Today we'll add Users to our application, and allow them to log in, log out, and create accounts. We'll learn how to store state in a user's session. We'll learn about flash messages, which let us overlay messages onto the next page the user visits.

You are encouraged to code along, which, as usual, you can do by checking out the walkthrough7 branch.

Walkthrough

Thus far, our web app does not have a concept of user accounts built in. As a result, there is only one "communal" movie list, and all the users who visit our site work "collaboratively" on that list.

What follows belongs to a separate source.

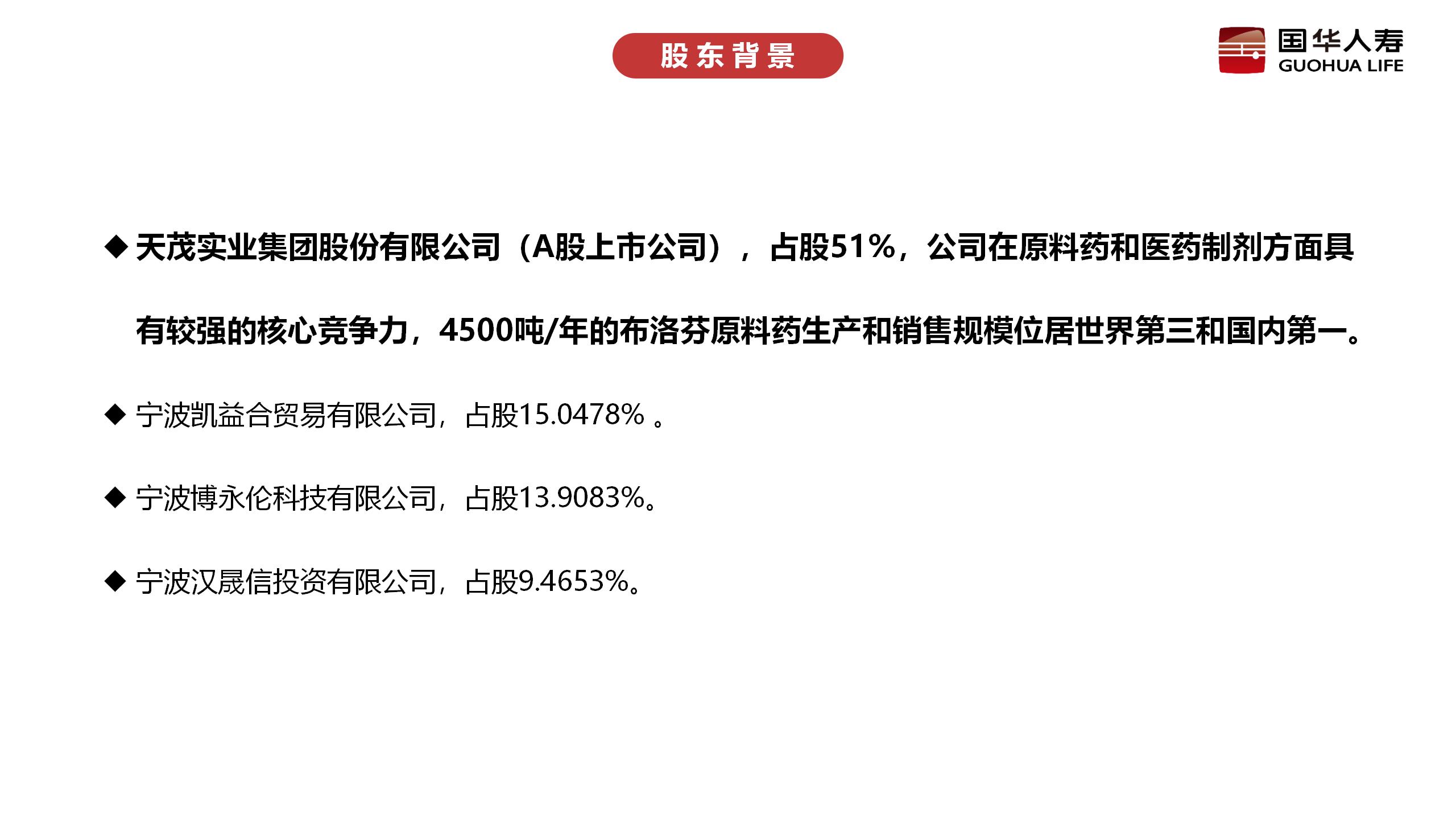 国华人寿泰山尊,国华泰山尊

That's kind of cool, maybe, but our goal is a site where each user manages her own list, without interference from other users.

The goal today, at a high level, is to implement the existence of user accounts and registration, and ensure that users cannot see the main pages of the site unless they are logged in.

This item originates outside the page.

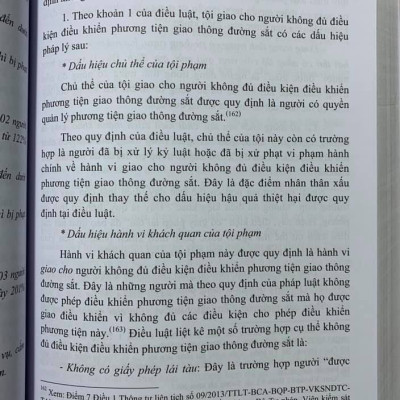 Combo: Bình luận khoa học bộ luật hình sự năm 2015 sửa đổi bổ sung năm 2017 phần tội phạm (quyển 1 và 2)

More specifically, in today's walkthough we will update our codebase with the following additions:

  • A User class to represent and save users in our database.

  • New routes and methods: register and logout.

  • A new template for the register page.

  • Our base template will display either the user's email or links to login and register.

  • A 'login wall' that monitors requests of unlogged-in users, and prompts them to create an account if they're not logged in.

  • Our base template will display flash messages, so that we can tell the user things like "that is not a valid email address".

Studio

Right now the only way to login is as a side-effect of creating a new account. It'd be neat if once users created accounts and logged out, they could log back in using their existing email and password, so we'll implement that in this studio. We'll also add validation and authentication for the login process.

Checking out the Studio code

Follow the instructions for getting the code in order to get the starter code for studio7.

Before you begin: create the 'user' DB table locally

(flicklist) $ python
>>> from main import db, User
...
>>> db.create_all()
...
>>> db.session.commit()
User.query.all()
...
[]

Your Tasks

  1. When a user tries to create an account, but supplies different 'password' and 'verify' fields, redirect them back to /register and flash them a message about why their attempt to create an account failed.

  2. Log out, and see what happens when you try to create a user that already exists. This happens because we passed the unique=True keyword param to the email = db.Column() invocation in the User class. When we wear our DB Admin hats, we're happy to get this error, but when we wear our UX designer hats, we want something friendlier. Before creating an account, search the database for an existing account with that email. If it exists already, redirect them back to /register and tell them why their account creation failed.

  3. Add a new route for /login, that responds to GET and renders a login.html template; it also needs to respond to POST requests and provide error messages for failed login attempts or redirect to the main page if it is a successful login.

  4. Create the login.html template, with form fields for email and password.

  5. Test out your new route - one problem you will notice is that you get redirected to the register.html page. Change the login wall to allow this route through.

Retrospective

We've created users and managed the login and logout process. But the User model doesn't relate at all to our Movie model. In the next studio, we'll cross the streams and store movies on a per-user basis.